Motor Vehicle Accident

Mental Harm

Case

Transport Accident Commission v Katanas

[2017] HCA 32

HIGH COURT OF AUSTRALIA

KIEFEL CJ,
KEANE, NETTLE, GORDON AND EDELMAN JJ

TRANSPORT ACCIDENT COMMISSION  APPELLANT

AND

MARIA KATANAS  RESPONDENT

Transport Accident Commission v Katanas

[2017] HCA 32

17 August 2017

M160/2016

ORDER

Appeal dismissed with costs.

On appeal from the Supreme Court of Victoria

Representation

S A O'Meara QC with S D Martin for the appellant (instructed by Hall & Wilcox Lawyers)

M F Wheelahan QC with M J Hooper for the respondent (instructed by Zaparas Lawyers)

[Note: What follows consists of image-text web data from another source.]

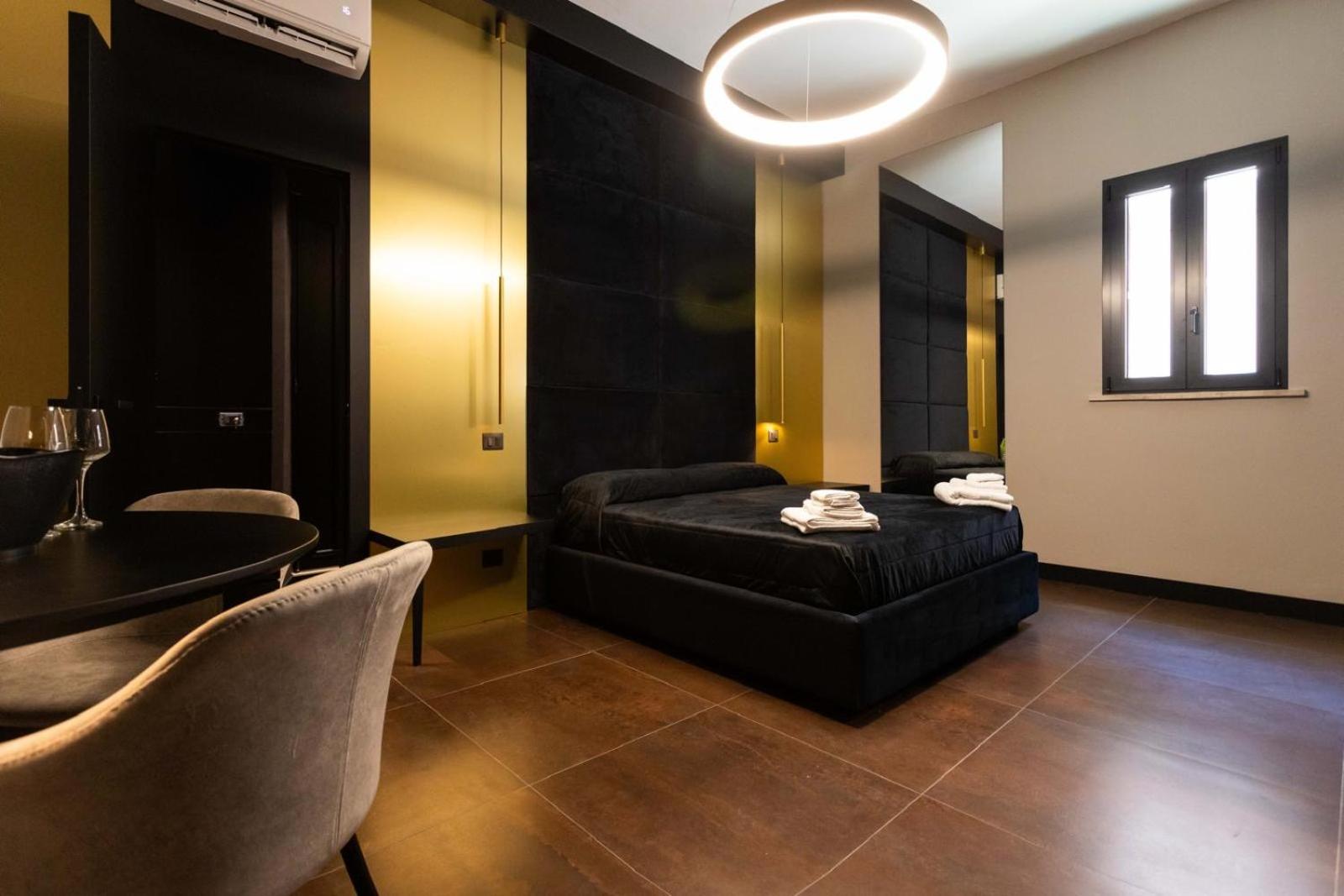 One-Bedroom House photo 2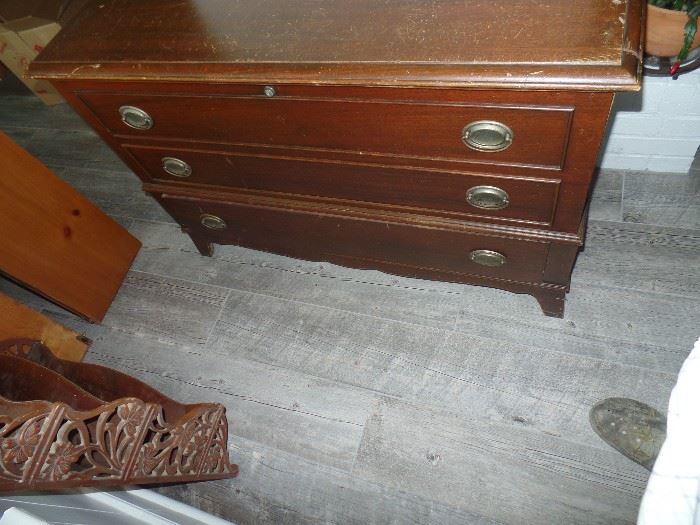 Front of Cedar Chest with drawer in the bottom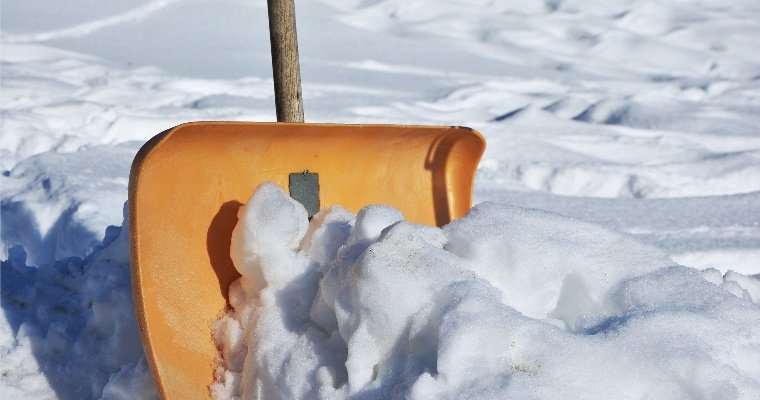 Житель Удмуртии погиб, убирая снег с крыши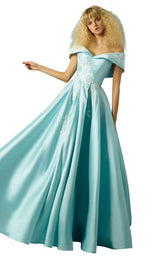 1 of 4 MNM Couture G0890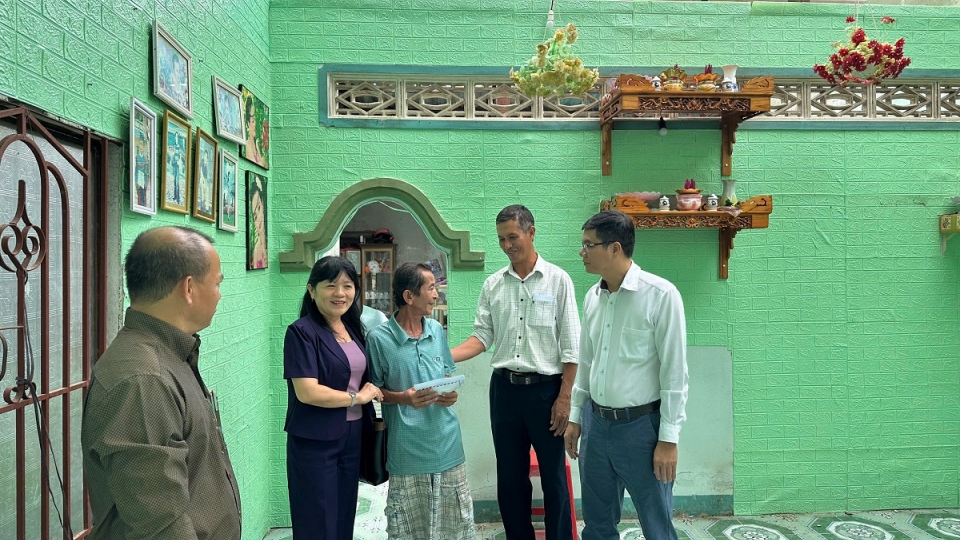 Lãnh đạo xã Sơn thăm hỏi gia đình bị thiệt hại.jpg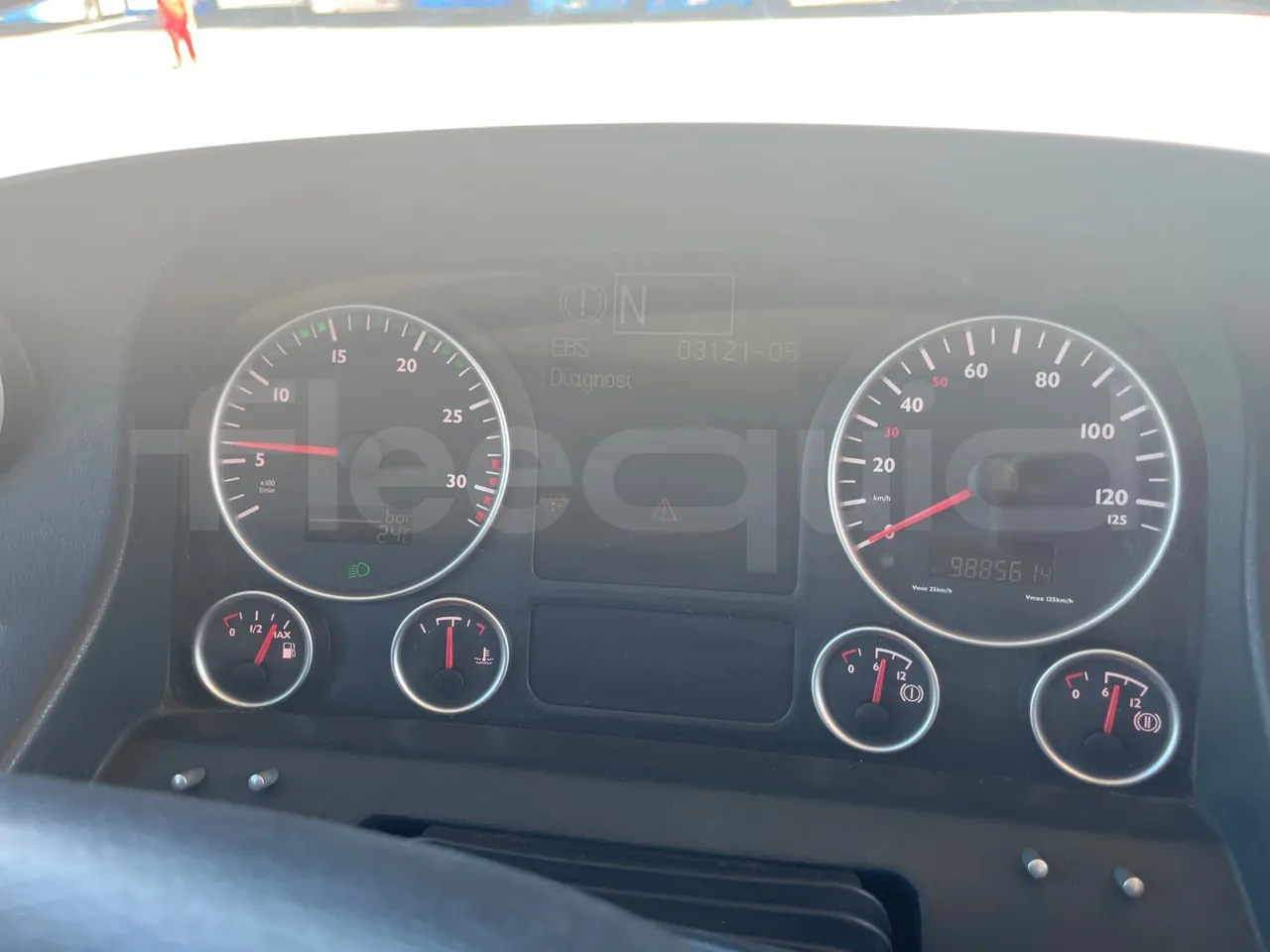 Man Lion's City T A78 - EUR4 - 191kW - 11.857m - dashboard lights on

Notice:  This copy of the Court's Reasons for Judgment is subject to formal revision prior to publication in the Commonwealth Law Reports.

CATCHWORDS

Transport Accident Commission v Katanas

Accident compensation – Transport accident – Statutory compensation scheme – Where respondent involved in motor vehicle accident and subsequently suffered mental disorder or disturbance – Where mental disorder or disturbance required to be "severe" to allow bringing of common law proceedings – Where respondent did not require inpatient psychiatric treatment – Where respondent found not to have suffered symptoms of psychological trauma at upper echelon of range – Whether severity of mental disorder or disturbance assessed only by reference to extent of treatment – Whether narrative test laid down in Humphries v Poljak [1992] 2 VR 129 followed by Court of Appeal.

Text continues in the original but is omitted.